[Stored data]
○ ○ ○ ○ ○

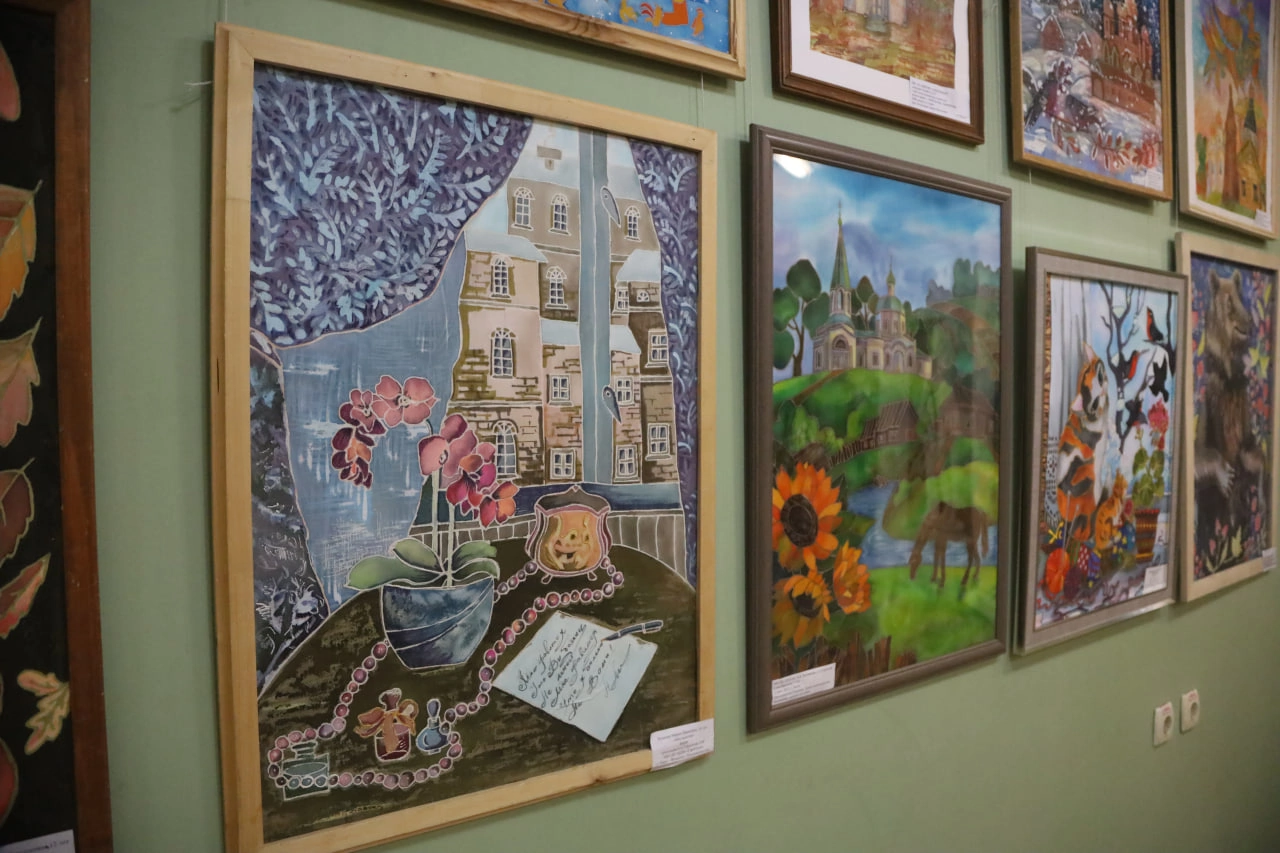 Выставка декоративно-прикладного искусства «Батик» во Дворце культуры имени В.И. Ленина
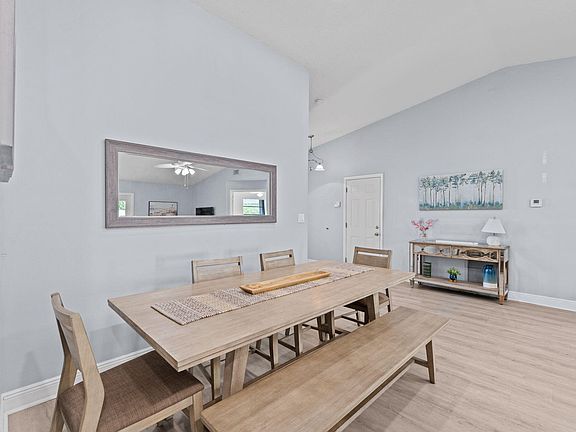 5th image of 1599 Bayridge Pl
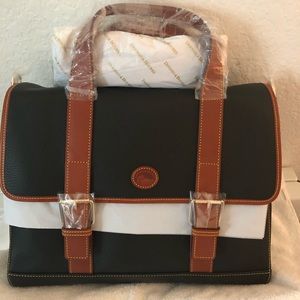 Dooney & Bourke Men’s Messenger Bag
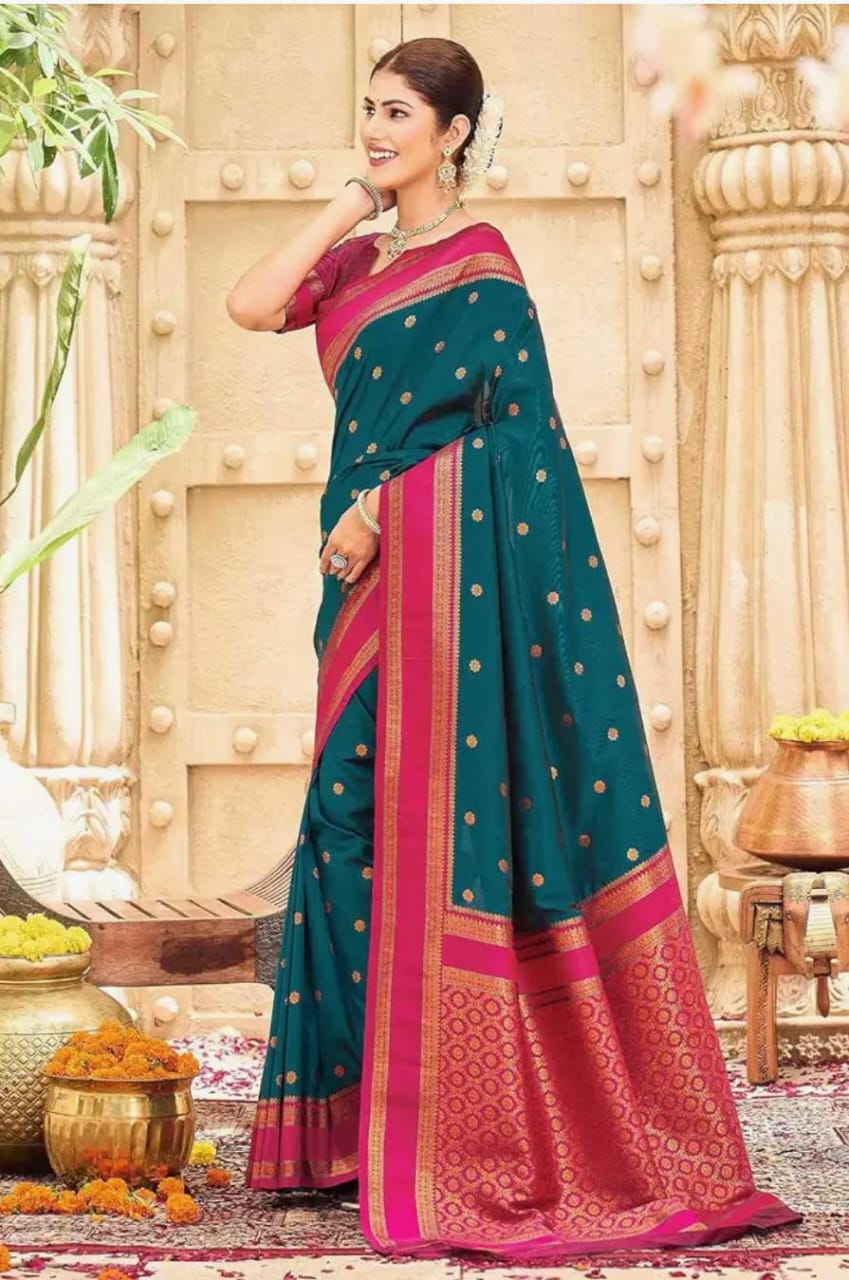 Stylish Saree with Small Dots and Detailed Border.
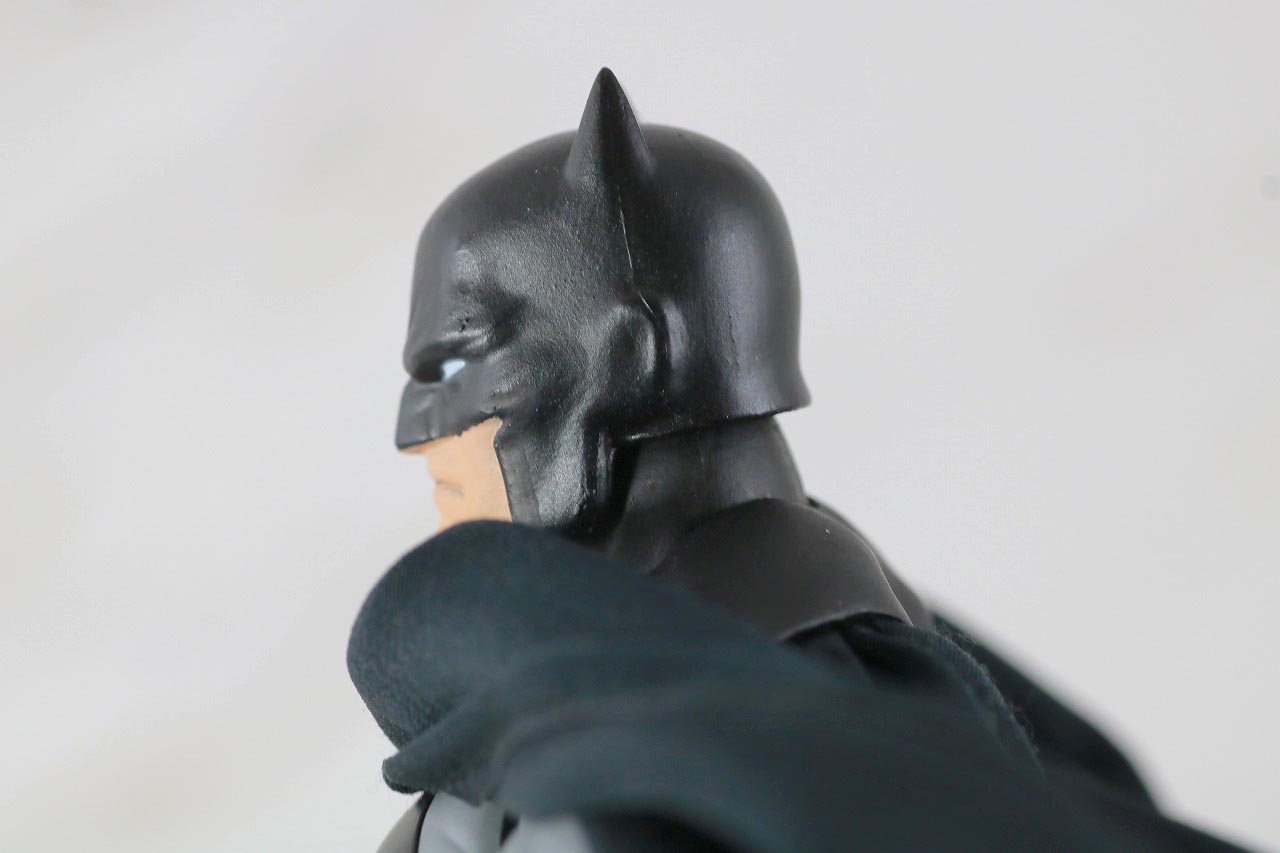 MAFEX　バットマン　HUSH BLACK ver.　レビュー　本体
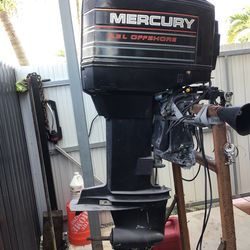 Mercury ouboard motor 200 hp 2,5 L working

○ ○ ○ ○ ○

ABOUT THIS TASK: Aside from the pictures, copy all of the entries exactly.

ANSWER SECTION:
 Выставка декоративно-прикладного искусства «Батик» во Дворце культуры имени В.И. Ленина
 5th image of 1599 Bayridge Pl
 Dooney & Bourke Men’s Messenger Bag
 Stylish Saree with Small Dots and Detailed Border.
 MAFEX　バットマン　HUSH BLACK ver.　レビュー　本体
 Mercury ouboard motor 200 hp 2,5 L working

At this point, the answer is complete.